By Anne P. DePrince and Kim Gorgens
Most people know it’s a problem for athletes and soldiers— but it affects victims of domestic violence even more
Thousands of athletes returned to high school, college and professional football fields this fall, renewing discussions about the risk for and potentially devastating consequences of traumatic brain injuries (TBI) in contact sports. However, an even larger population of people affected by TBI will continue to go unrecognized and undiagnosed: women who are victims of domestic violence.
One in seven women has been injured by an intimate partner. Among women experiencing domestic violence, a handful of research teams across the U.S. have now documented alarming rates of head injuries, with studies suggesting that as many as 90 percent of women seeking emergency or shelter services for domestic violence report have had them.
Traumatic brain injuries occur when a blow to the head interrupts normal brain functioning. Those disruptions can include loss of consciousness, memory problems for the injury, muscle weakness and blurred vision. TBIs can range from mild to moderate or severe; most people experiencing mild TBIs won’t have lasting symptoms. However, more serious and repeated TBIs can lead to serious and costly problems involving physical health; attention and memory; depression; suicidality; and even dementing diseases later in life.

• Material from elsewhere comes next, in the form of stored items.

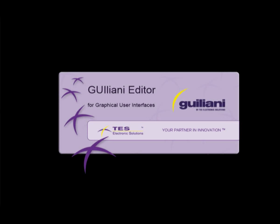Welcome to the Giuliani HMI Editor demonstration by TESS Electronic Solutions. This demonstration will guide you through the process of creating a complete graphical user interface from scratch, using Giuliani and its What-You-See-Is-What-You-Get editor.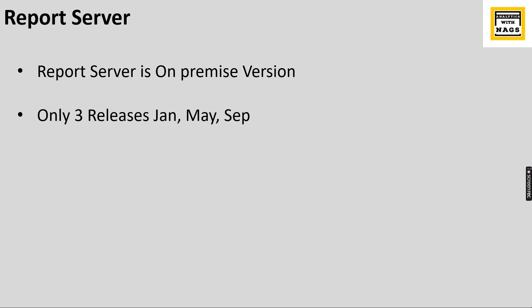Whereas Report Server is something like some organizations don't prefer their data to be maintained by Microsoft, so they want that Report Server to be present in their local server that is maintained by that organization. So Power BI or Microsoft will enable that provision.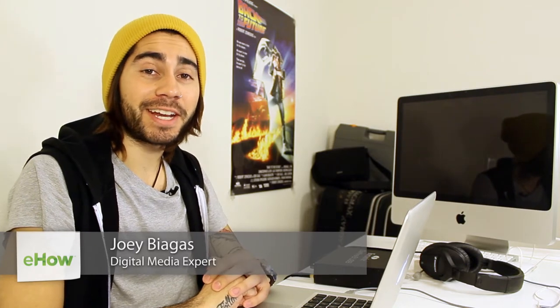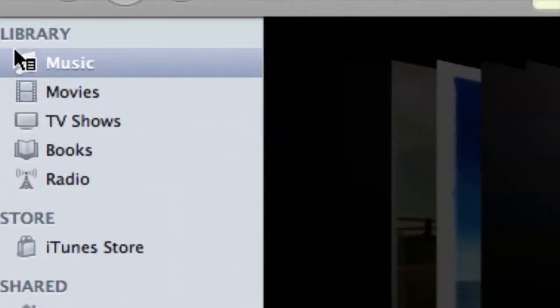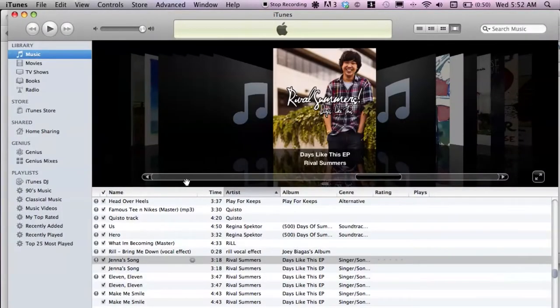My name is Joey Biagas and I'm a digital media expert, and today I'm going to show you how to make a Genius Mix inside of iTunes. I have iTunes fired up here. What you want to do is select Music and go to your music library.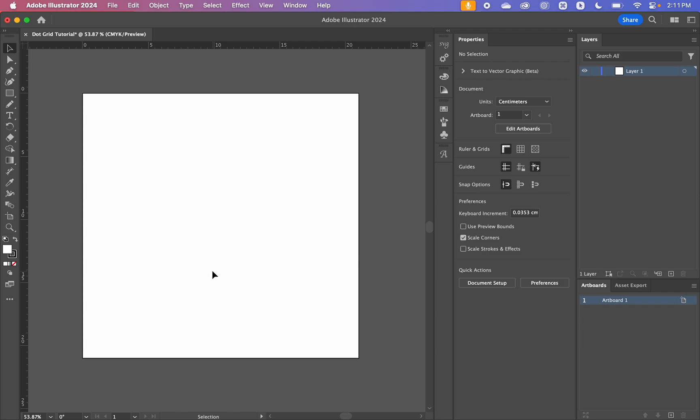Hello, hello. Today we're going to do a really quick and easy tutorial on how to make a dot grid in Adobe Illustrator.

Because of the serious problems linked with repeated TBIs, researchers and journalists have focused on groups likely to experience multiple head injuries, such as athletes playing contact sports and combat veterans. Like football players, victims of domestic violence often suffer from brain trauma—but with much less attention.
In research published by one of us (DePrince) with Kelly Gagnon, we interviewed more than 200 Colorado women following police reports of domestic violence. The incidents varied in severity; some cases involved violations of protection orders where there were no physical injuries, while others involved serious physical injury. More than one in 10 women described being hit in the head or losing consciousness during the most recent domestic violence incident. That number went up to 20 percent when we included domestic violence incidents that occurred in the previous six months.